A trenchant reclamation of the Chinese American movie star, whose battles against cinematic exploitation and endemic racism are set against the currents of twentieth-century history.
Born into the steam and starch of a Chinese laundry, Anna May Wong (1905–1961) emerged from turn-of-the-century Los Angeles to become Old Hollywood’s most famous Chinese American actress, a screen siren who captivated global audiences and signed her publicity photos—with a touch of defiance—“Orientally yours.” Now, more than a century after her birth, Yunte Huang narrates Wong’s tragic life story, retracing her journey from Chinatown to silent-era Hollywood, and from Weimar Berlin to decadent, prewar Shanghai, and capturing American television in its infancy.
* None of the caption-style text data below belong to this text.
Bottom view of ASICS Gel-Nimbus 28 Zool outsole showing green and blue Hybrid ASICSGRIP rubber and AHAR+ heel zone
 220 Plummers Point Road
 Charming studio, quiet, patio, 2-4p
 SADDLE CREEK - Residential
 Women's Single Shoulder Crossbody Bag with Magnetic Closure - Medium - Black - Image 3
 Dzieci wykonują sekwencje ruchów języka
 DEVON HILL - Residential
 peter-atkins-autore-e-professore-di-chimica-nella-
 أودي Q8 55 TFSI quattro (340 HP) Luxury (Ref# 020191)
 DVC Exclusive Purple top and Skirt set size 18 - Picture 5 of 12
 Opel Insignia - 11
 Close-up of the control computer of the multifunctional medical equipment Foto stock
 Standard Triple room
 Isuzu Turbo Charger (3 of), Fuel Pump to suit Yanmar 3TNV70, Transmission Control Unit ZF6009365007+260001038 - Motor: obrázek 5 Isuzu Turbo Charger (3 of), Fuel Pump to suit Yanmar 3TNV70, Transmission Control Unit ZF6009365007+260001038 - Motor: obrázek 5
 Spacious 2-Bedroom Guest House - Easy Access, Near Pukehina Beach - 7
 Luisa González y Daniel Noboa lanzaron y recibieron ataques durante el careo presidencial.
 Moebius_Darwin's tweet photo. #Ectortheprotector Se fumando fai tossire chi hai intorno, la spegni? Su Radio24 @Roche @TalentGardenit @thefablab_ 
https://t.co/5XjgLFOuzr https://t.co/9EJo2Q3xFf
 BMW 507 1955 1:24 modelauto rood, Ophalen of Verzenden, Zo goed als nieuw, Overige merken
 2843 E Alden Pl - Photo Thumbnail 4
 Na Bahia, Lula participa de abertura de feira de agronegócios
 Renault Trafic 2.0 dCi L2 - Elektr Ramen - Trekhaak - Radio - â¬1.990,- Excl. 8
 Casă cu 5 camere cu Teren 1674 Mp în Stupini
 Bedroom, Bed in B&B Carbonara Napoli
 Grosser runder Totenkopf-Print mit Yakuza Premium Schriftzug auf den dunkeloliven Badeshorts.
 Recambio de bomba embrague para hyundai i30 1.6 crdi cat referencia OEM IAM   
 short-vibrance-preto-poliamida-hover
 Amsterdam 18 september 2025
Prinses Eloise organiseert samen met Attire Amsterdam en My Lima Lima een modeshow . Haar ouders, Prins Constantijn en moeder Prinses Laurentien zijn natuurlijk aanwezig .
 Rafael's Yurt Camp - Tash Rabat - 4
As Huang shows, Wong’s rendezvous with history features a remarkable parade of characters, including a smitten Walter Benjamin and (an equally smitten) Marlene Dietrich. Challenging the parodically racist perceptions of Wong as a “Dragon Lady,” “Madame Butterfly,” or “China Doll,” Huang’s biography becomes a truly resonant work of history that reflects the raging anti-Chinese xenophobia, unabashed sexism, and ageism toward women that defined both Hollywood and America in Wong’s all-too-brief fifty-six years on earth.